The trigger is a United Launch Alliance Atlas V mission from Florida on July 2 that delivered 29 satellites to orbit, pushing the constellation to roughly 400 spacecraft, according to Amazon's project page. Before the launch, Amazon's own count stood at more than 375; the 29-satellite addition puts the in-orbit fleet near the 400 mark cited in coverage of the launch.
"It signals that we have completed enough launches for initial service this yr," Chris Weber, Amazon Leo's vice president for business and product, wrote on X after the launch, calling the constellation's progress a switch-on moment rather than an industry coup.
The network, rebranded from Project Kuiper to Amazon Leo, is designed to deliver broadband from low-Earth orbit at a planned scale of more than 3,200 satellites. That target puts the operation in direct competition with SpaceX's Starlink, which has a far larger existing constellation and years of subscriber revenue behind it.
The July 2 mission was Amazon's 14th launch in the broader deployment effort and the second of 2026, per Amazon's corporate update. The wider plan still depends on additional launch capacity beyond Atlas V. Industry reporting notes that two of Amazon's planned launch vehicles remain grounded, and Blue Origin's New Glenn destroyed a launchpad earlier this year, leaving the company reliant on a narrower launch lineup until alternatives come back online.

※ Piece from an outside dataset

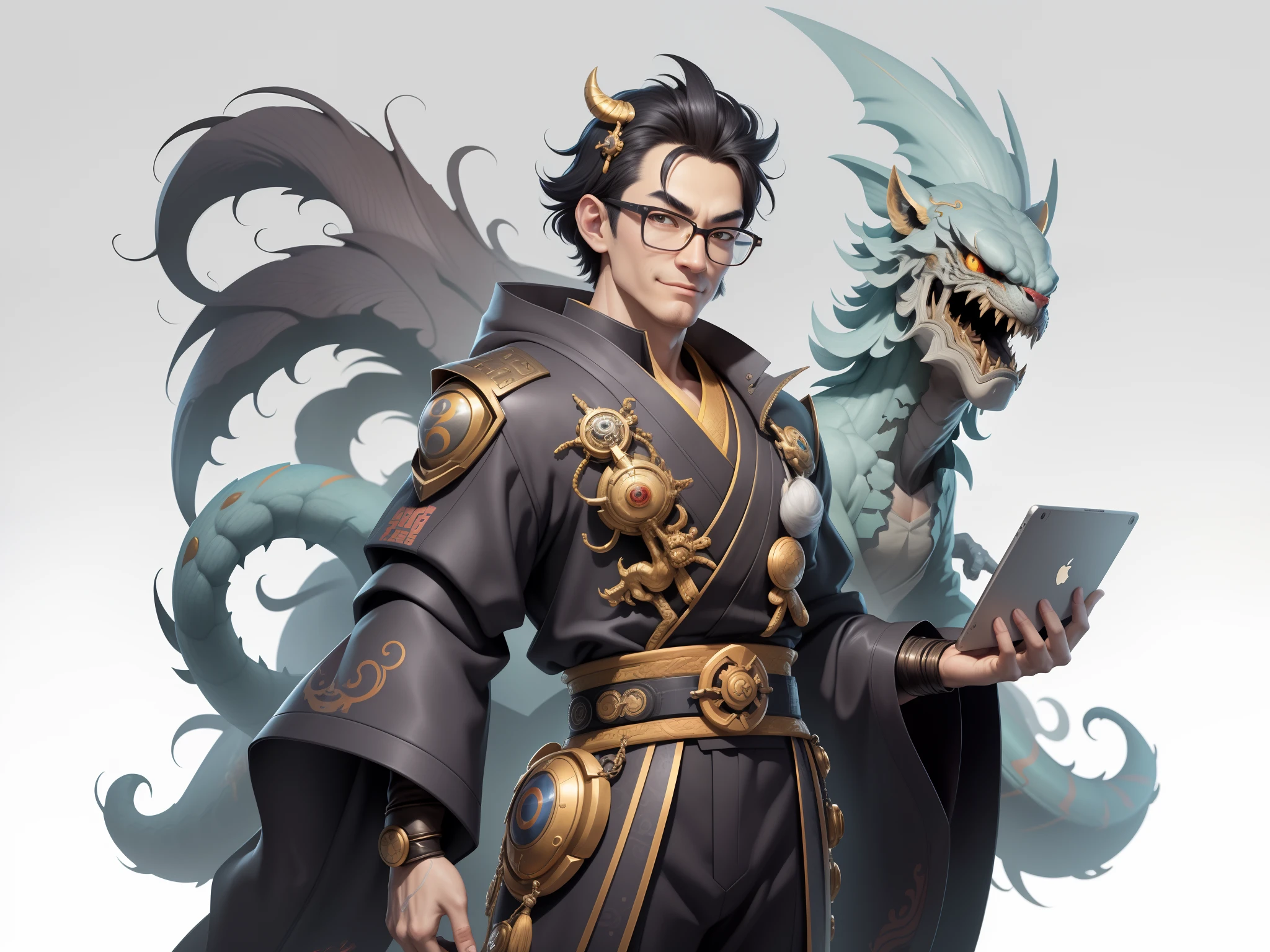 (Masterpiece), (Excellent), (Super Meticulous), (Full Body: 1.2), Super Young Man with Japanese Female Geisha, Pretty, Beautiful, Chinese Dragon, Tiger, Wind God Thor, Sexy, Bursting, Oriental Face, TV Anchor, Bust Portrait Illustration, Black Suit, Blue Tie, Slightly Chubby Face, Silver Glasses, Very Clean Face, No Beard on Chin, Black Super Short Hair, Black Eyes, Confident Smile, 3c Computer Sub-Products, iPad, iPhone, Digital Painting, 3D character design by Mark Clairedon and Pixar and Hayao Miyazaki and Akira Toriyama, the illustrations are HD illustrations in 4K resolution with highly detailed facial features and cartoon-style visuals.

Service is expected to begin with coverage concentrated near the polar regions rather than the equator, meaning U.S. and European subscribers will not be the first in line as Amazon opens the network. Amazon has not announced a country-specific service date, and Weber's "this year" wording leaves the precise switch-on timeline open.
The roughly 400-satellite fleet is enough for Amazon to call the deployment bar met; it is not enough to call the broadband race close. Starlink's existing constellation operates far larger, and Amazon's 3,200-plus target remains a multi-year buildout.